Posted: Sun Oct 21, 2007 3:38 am
by jnc100
zeii wrote:Heya John, its good to see you still around here :).
Yeah, still hovering on the fringes, when I get time, which isn't often. I'm currently working flat out on my latest, top secret, rather hush hush project.

Now am I right in thinking that the idea here is to avoid fragmentation of the virtual address space available to your kernel? i.e. what you're trying to produce is a malloc-like interface? For that, I think choosing a minimum granularity of 4 kiB is a bit silly, as if you just need to allocate a small structure of several dozen bytes you are wasting a lot of space (i.e. a whole page).

To give you an idea of how I approach the problem: the virtual address space is managed by 'sections'. I store the used sections in a linked list (in previous versions) and a sorted binary tree (in more recent versions). I can add a new section by attempting to add it at an absolute address (and failing if that's in use) or by searching for free space of a certain length. This searching is an O(n) operation as you have to examine the gap between each section sequentially. It is not much of a problem, however, as there is a relatively small list of sections, and adding a new one occurs rarely (also, if the list is sorted, you can just add to the end, if there's room, making it O(1)).
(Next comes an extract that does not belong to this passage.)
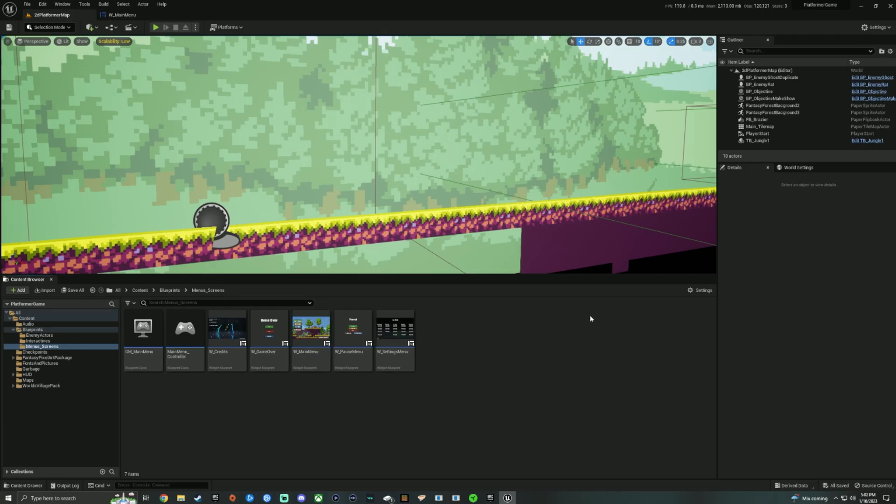What's up YouTube fam? It's Sparky617 here and today I just wanted to bring you guys a quick Unreal Engine 5.1 tutorial.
Now what is a section? Well, its an arbitrary collection of memory, with certain properties (e.g. readable, writable, executable, is_heap, is_stack, is_userspace, is_threadlocal, is_sharedmemory, is_device etc). When a process is loaded, its executable sections are transformed into sections at the required addresses. A heap is also created. A stack is created per-thread. The same is true for the kernel, which defines sections for video memory etc for its debugging console.

Sections can be small, with the possibility to expand. For example, my userspace heap is defined to be initially 0 bytes in size, but it defines that it can grow up to 2 GiB (or whatever, more in 64bit), so no new sections are placed in its potential space. Obviously you allocate the heap last, so it doesn't tread on any parts of memory the executable wishes to use. Furthermore, sections can expand manually or automatically. Manual expansion is possible for the heap, and is accomplished by the sbrk call (same for kernel or user space - if the call is via an interrupt then expand the user heap, else expand the kernel heap). Automatic expand-down is enabled for the stack.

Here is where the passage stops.